One such example is a photon-counting module we introduced about a year ago. The module is based on gallium arsenide phosphide, and has a quantum efficiency in excess of 40%. Initially our engineers designed it with a photocathode that was 5 mm in diameter since many of our customers wanted to have as large an area as possible. The 5-mm photocathode generated several hundred dark counts at room temperature and the use of a Peltier cooler seemed to solve this problem. When we started talking with some research customers doing confocal microscopy, however, we found that the vibrations from the cooling fan would interfere with the measurements. So our engineers developed a photomultiplier tube (PMT) with a 2-mm diameter photocathode. It has a much lower dark current without requiring a cooling fan.

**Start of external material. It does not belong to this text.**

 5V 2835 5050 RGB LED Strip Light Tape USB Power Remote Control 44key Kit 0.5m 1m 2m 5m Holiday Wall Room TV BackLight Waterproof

Another type of research need extended the market for a PMT with sensitivity to 1700 nm, which we introduced several years ago in Japan. As it turned out, several researchers in the United States needed either the sensitivity or time resolution of this new detector to demonstrate that the signal they wanted to detect was present, so that they could get funding for a near-infrared detection system, which is quite expensive. The majority of their research involved semiconductor materials studies such as photoluminescence from quantum dots, nanoparticles, and optical fiber amplifiers, or chemical reaction dynamics studies using fluorescence or singlet oxygen luminescence.
Occasionally, researchers will come to us with a request for a new detector or a complete detection system, which can give us important marketing input and help us decide which development projects to pursue. Our president, Teruo Hiruma, is especially interested in customers' requirements for detectors or light sources that do not exist. His interests are not in extensions of existing technologies, but in radically new devices that might be as much as 10 years away from commercialization.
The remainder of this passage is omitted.